----- Supplied material
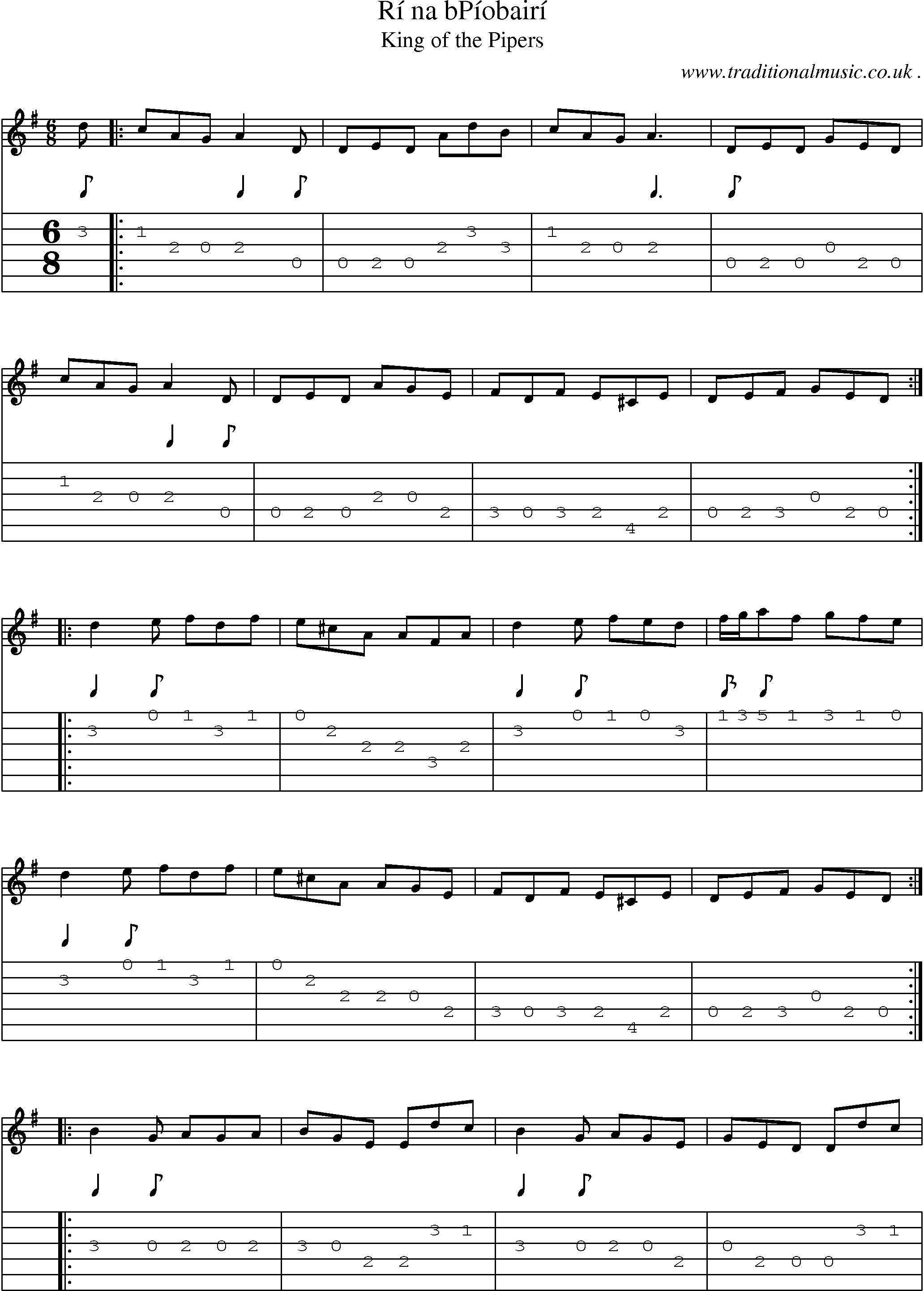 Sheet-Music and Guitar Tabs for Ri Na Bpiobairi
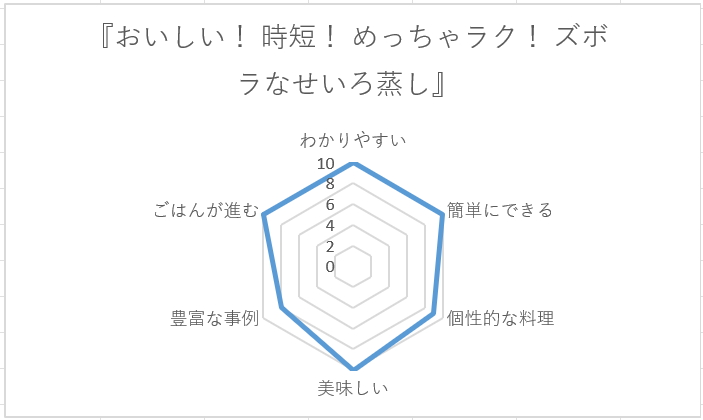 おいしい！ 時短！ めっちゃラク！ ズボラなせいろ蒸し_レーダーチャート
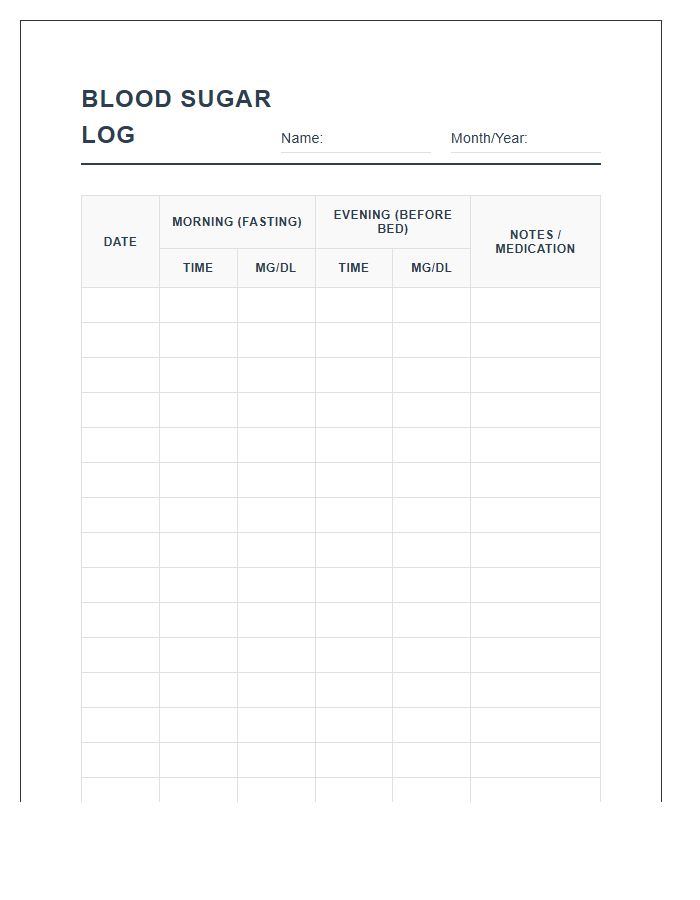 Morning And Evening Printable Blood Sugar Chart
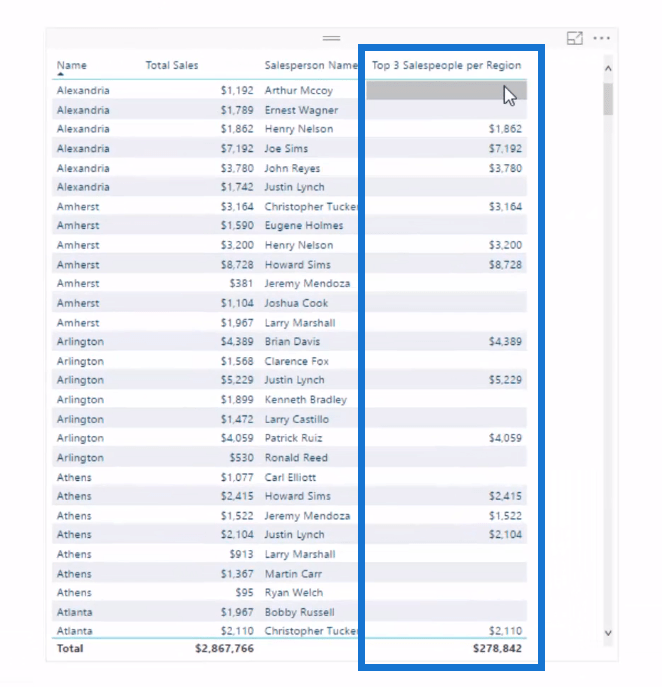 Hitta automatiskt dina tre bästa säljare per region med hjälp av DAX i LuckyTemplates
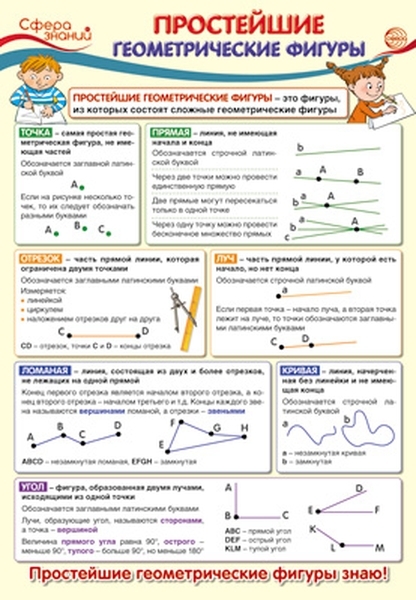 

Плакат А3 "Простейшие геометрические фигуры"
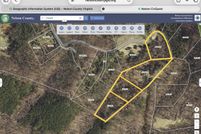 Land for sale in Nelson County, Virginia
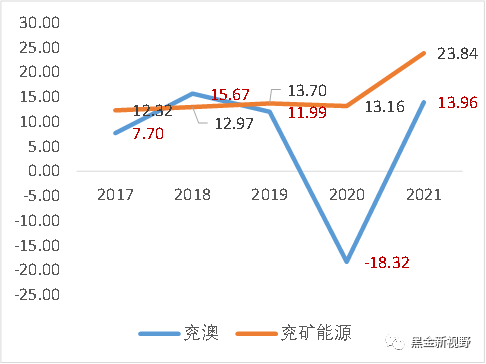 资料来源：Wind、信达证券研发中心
----------
Work instructions.
Give the entries above again exactly, minus their pictures.

Finished exercise.
 Sheet-Music and Guitar Tabs for Ri Na Bpiobairi
 おいしい！ 時短！ めっちゃラク！ ズボラなせいろ蒸し_レーダーチャート
 Morning And Evening Printable Blood Sugar Chart
 Hitta automatiskt dina tre bästa säljare per region med hjälp av DAX i LuckyTemplates

Плакат А3 "Простейшие геометрические фигуры"
 Land for sale in Nelson County, Virginia
 资料来源：Wind、信达证券研发中心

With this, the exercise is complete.